Sem querer dar ar de retrospectiva, a biografia vai da Jovem Guarda, ainda na metade da década de 1960, até a novela da “A Força do Querer” em 2017, expondo de forma minuciosa a discografia do capixaba desde o primeiro sucesso ao último autoral (a canção Sereia, tema principal dos protagonistas do folhetim).
Afinal, queriam realmente destruí-lo? Talvez, o que se pode ter a certeza é que não conseguiram e, ainda nos anos de 1970, Roberto Carlos se consagrou dentre as preferências nacionais. Nosso Pelé da música !

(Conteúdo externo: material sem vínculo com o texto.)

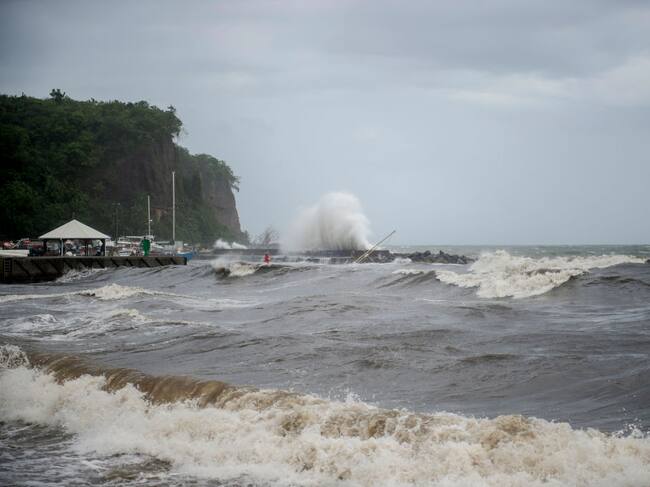 Imagen del fuerte oleaje en las costas de Puerto Rico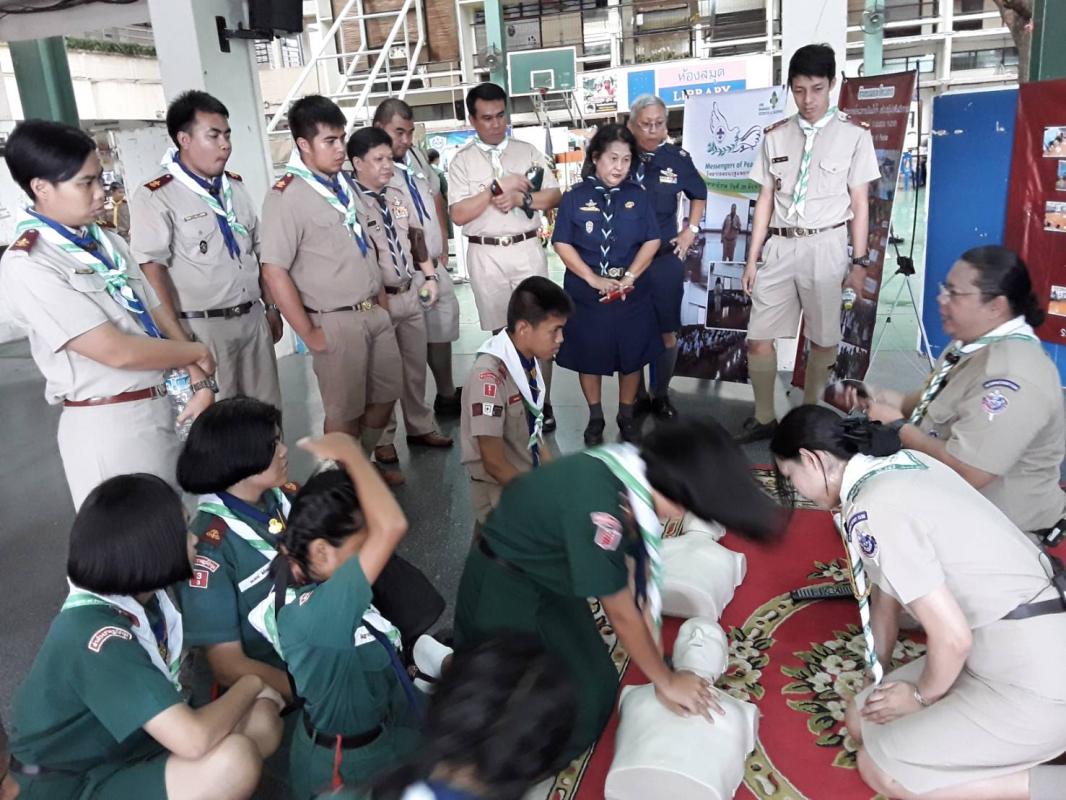 สอนการปฐมพยาบาล First AID CPR &AED และเผยแพร่ผลงานลูกเสือสันติภาพ
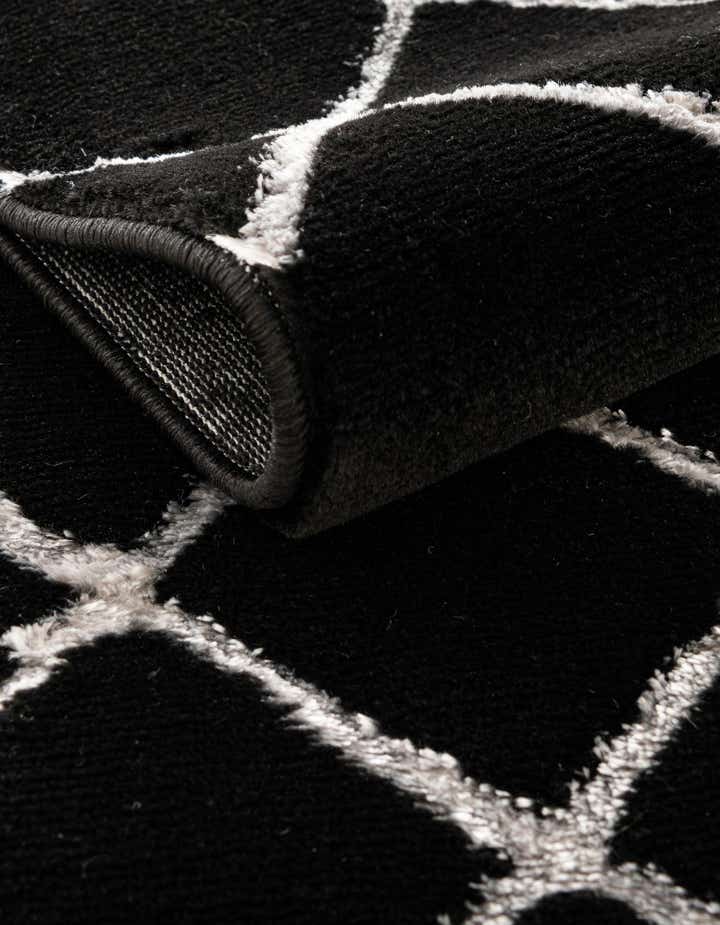 7' 10 x 7' 10 Marilyn Monroe™ Glam Trellis Round Rug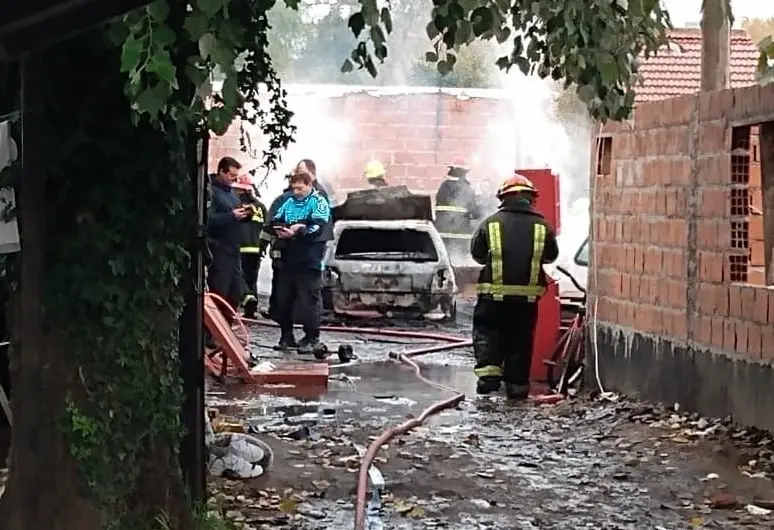 Bomberos trabajan entre los restos calcinados de la vivienda donde murió un hombre y resultó herida su familia. FOTO: La Capital.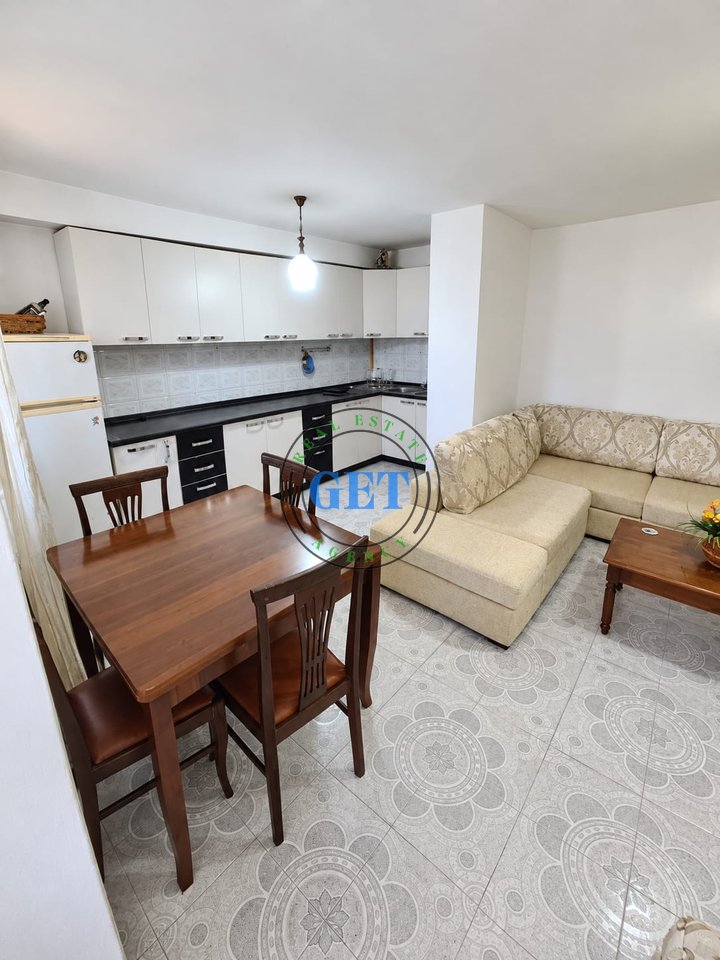 ◆ Jepet me qira apartament 1+1 | Te Spitali, Durrës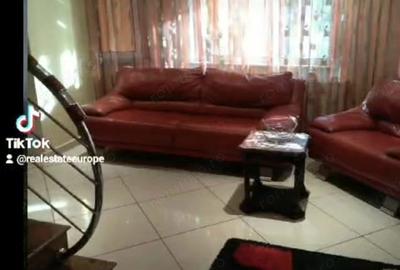 Casă cu 6 camere cu Teren 400 Mp în Central - 5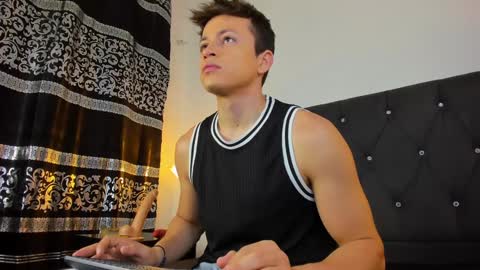 Snapshot of angel_cuervo chatting on January 25, 12:37 pm Angel Cuervo online show from January 25, 12:37 pm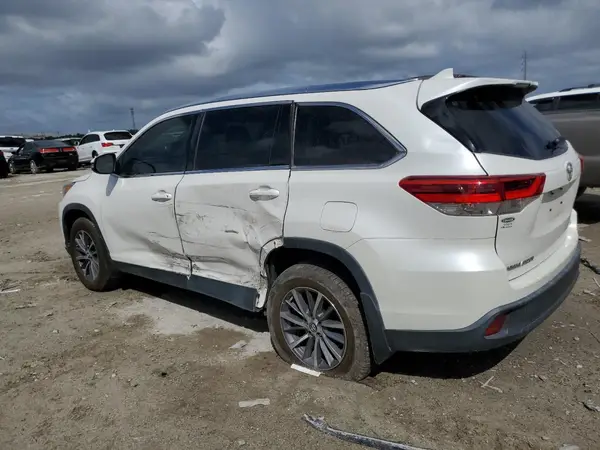 5TDKZRFH4KS565075 2019 TOYOTA HIGHLANDER - Image 2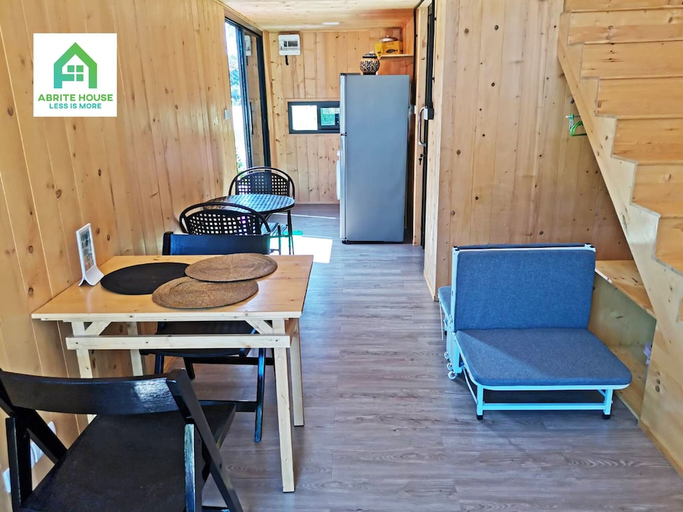 Others 5, 2 Tiny Houses on Koh Lanta Only 2 Minutes Walk to the Beach, Ko Lanta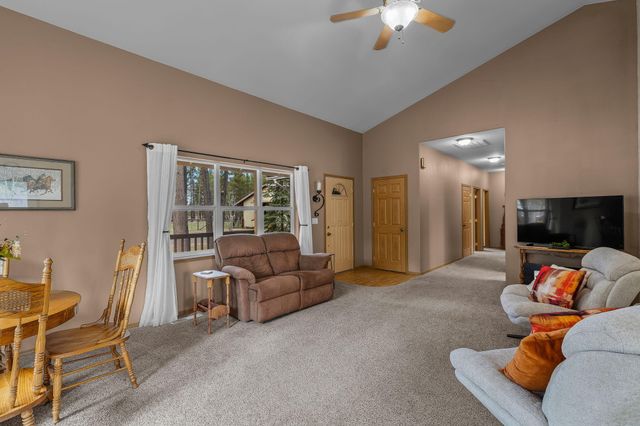 50940 S Huntington Road, La Pine, OR 97739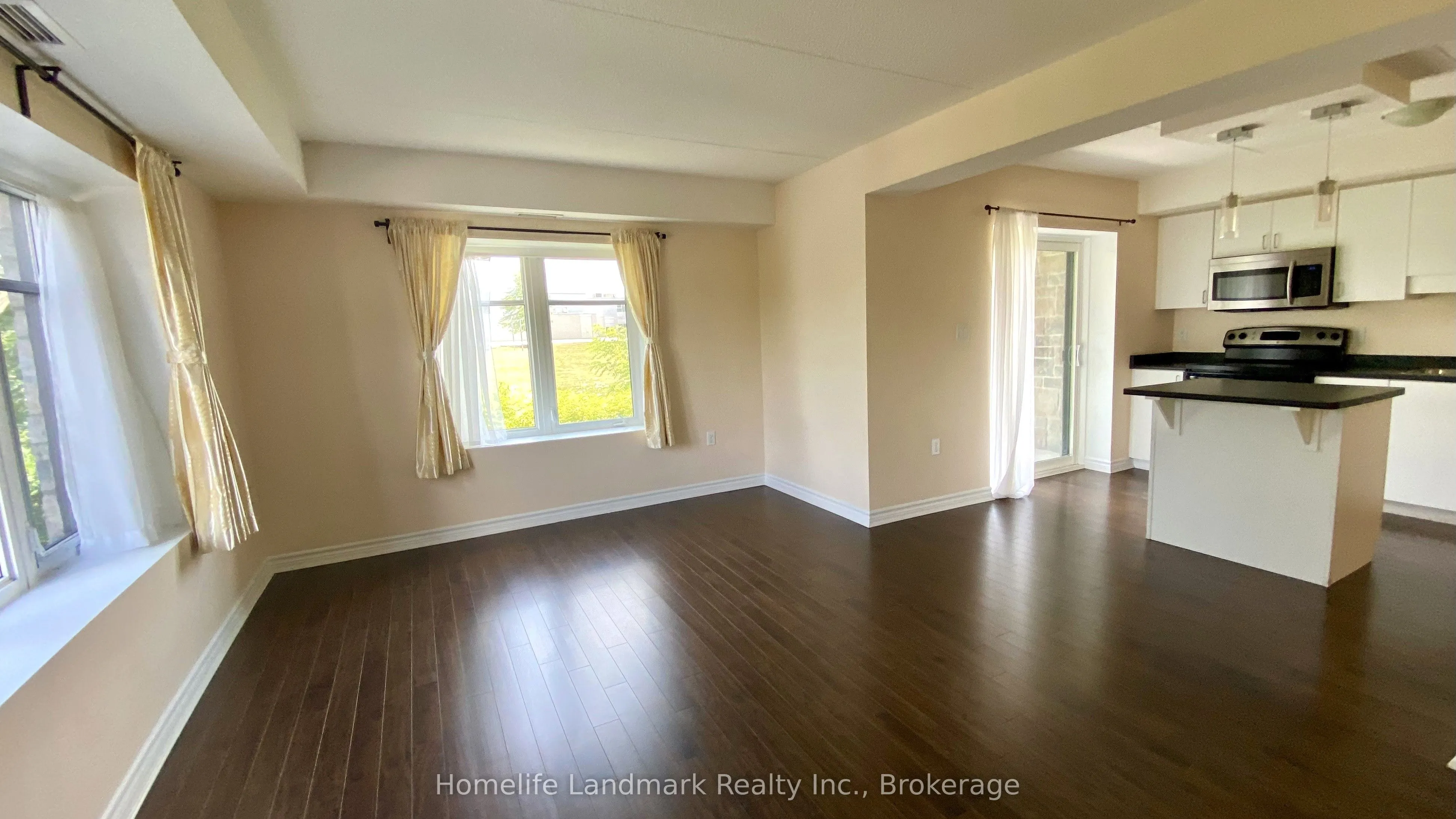 776 Laurelwood Drive, #302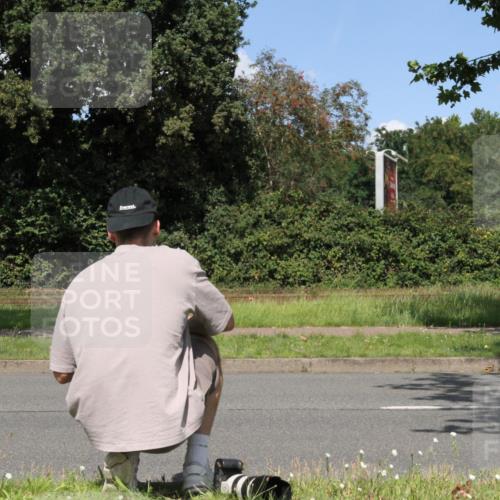 10.08.2025 - GEWOBA Citytriathlon Bremen Yannick Fuchs http://msf.ph/oto/8571215 10.08.2025 14:31:02 Radfahren 155, 175, 335, 368, 385, 412, 491, 504, 510 meine-sportfotos.de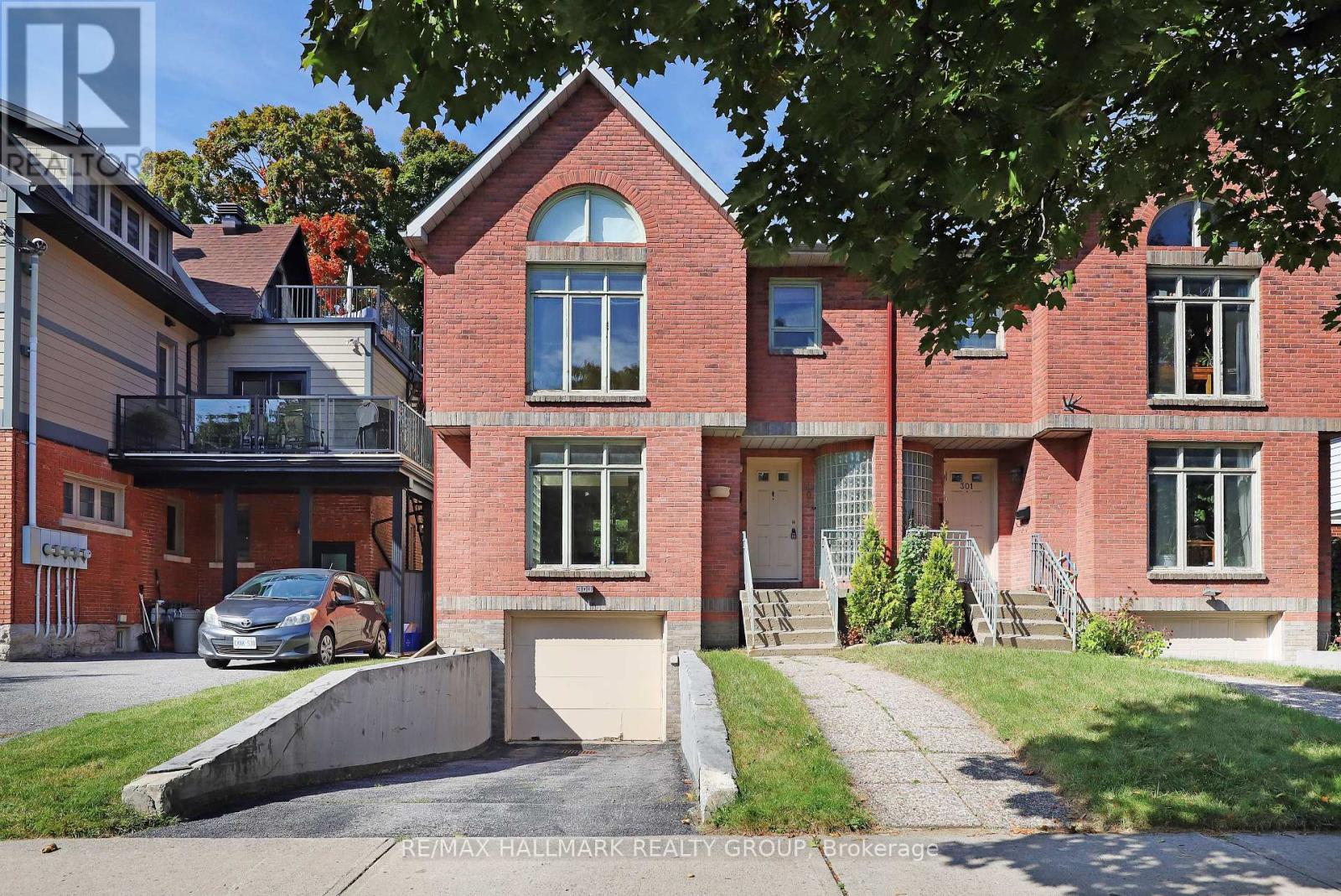 303 Sherwood Dr, Ottawa, ON K1Y 3W7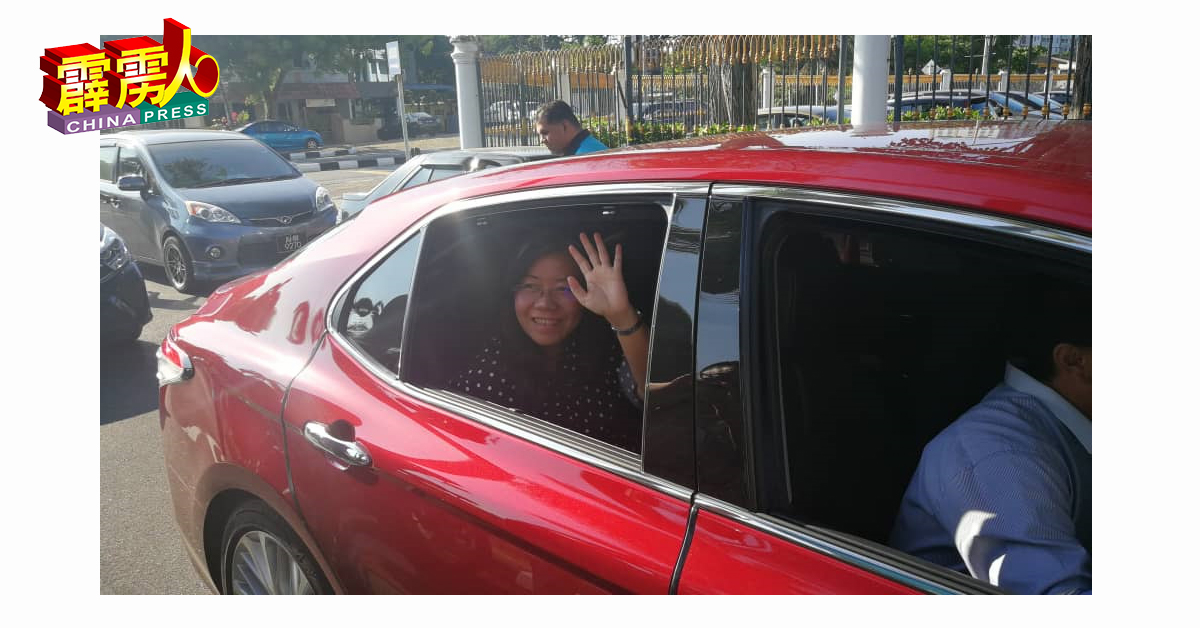 黄渼沄于週二上午9时30分，乘车抵达霹州秘书署后，如常办公。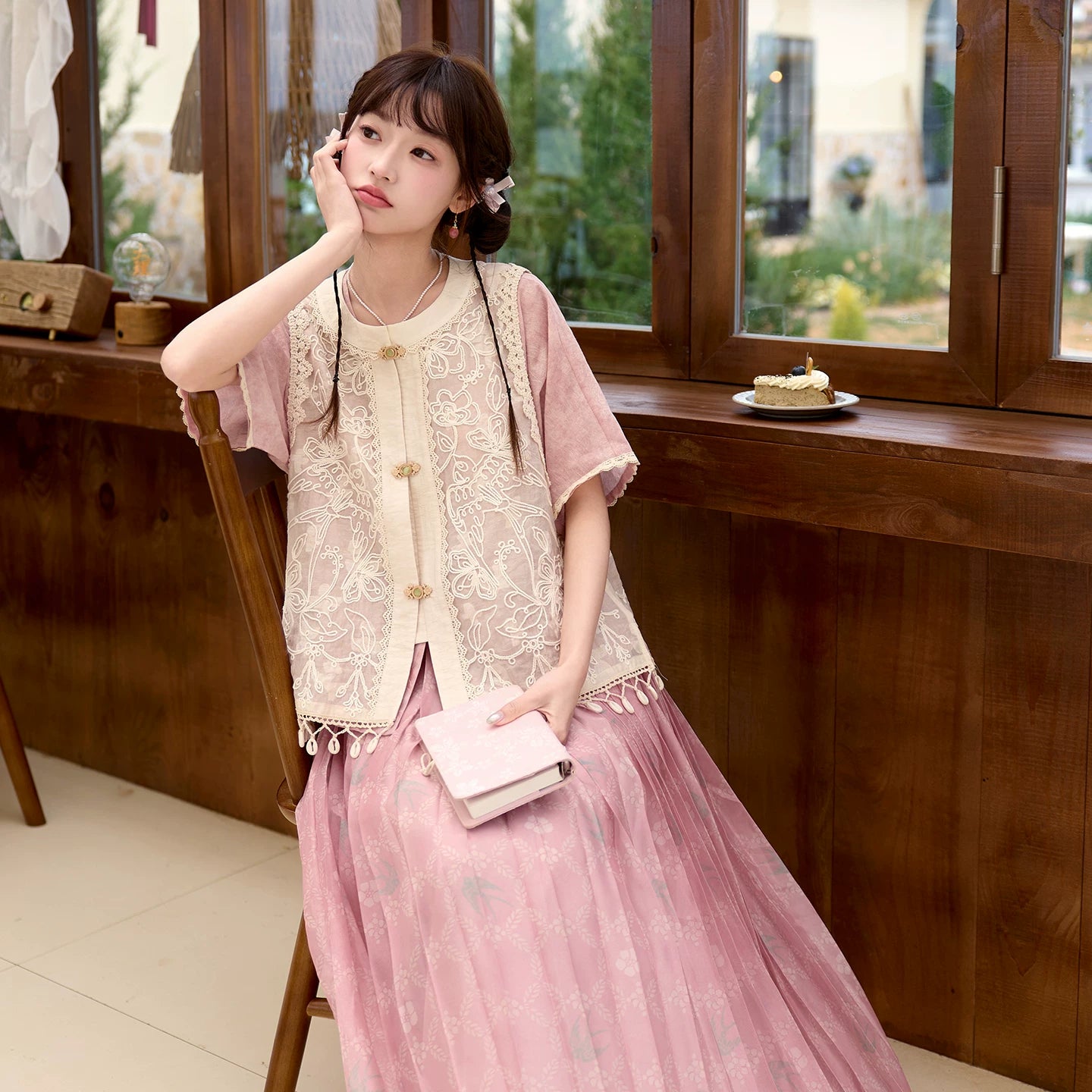 Spring Whisper - Modern Pink Hanfu 3-Piece Set modern Shisanyu 3-Piece Set S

Mais de seis décadas de sucesso
Há muito de duvidoso no repertório do RC. Na época da Jovem Guarda, quando ainda comandava o programa “Jovens Tardes”, o cantor faria uma transição muito importante da sua carreira. Saíria do pop-rock para o romântico acertando em cheio na escolha. Junto do parceiro Erasmo Carlos, fez músicas antológicas que seguem marcando gerações.
Seria comum falar de letras como “Detalhes”, “Proposta”, “A Distância” e “Eu Te Amo, Eu Te Amo, Eu Te Amo”. Quero falar de outras pérolas esquecidas pelo próprio compositor mas que merecem reverência como tesouros da nossa música popular.
A primeira delas seria “Para ser Minha Mulher", uma das declarações mais leves empolgantes do seu início de carreira, interpretada na época pelo colega Ronnie Von. A música ganhou roupagem do talentoso Otto em 2011 e mostra que o amor é atemporal.
Exemplo dessa eternidade também são as “Sua Estupidez”, “Não se esqueça de mim”, o “Show já terminou”, “Cama e Mesa” e a divertida “Só você não sabe”. Roberto usou e abusou do amor, fez dele sua matéria prima! Sofreu com “Desabafo”, “As Flores do Jardim da Nossa Casa” e “Falando Sério”. Se ergueu cantando Funk, Samba, Rap, Bolero, Tango e até o Despacito. Esse cara é ele !
Um astro e sua responsabilidade
Assim como em muitos lares brasileiros, minha casa sempre foi palco do RC. Meu pai viveu sua juventude na jovem guarda, mas a fã mesmo era Dona Marly, minha ilustre mãe, que não cansava de colocar os CDs do “rei dela” (é como costuma falar) aos sábados para tocar. Foram tantas “propostas”, “botões”, “cafés da manhã” que parecia que eu já conhecia intimamente o compositor..
Aos oito anos, ainda criança, minha mãe me vestiu de azul e branco, me colocando para cantar festinha do colégio “Como é grande o meu amor por você”. Cantei, fui aplaudido, além de garantir boas memórias. Anos depois a música entraria mais intensamente na minha vida, conheceria grandes cantores, pesquisaria incansávelmente o nosso cancioneiro popular, e quanto mais eu aprendia mais questionava essa louvação ao Roberto.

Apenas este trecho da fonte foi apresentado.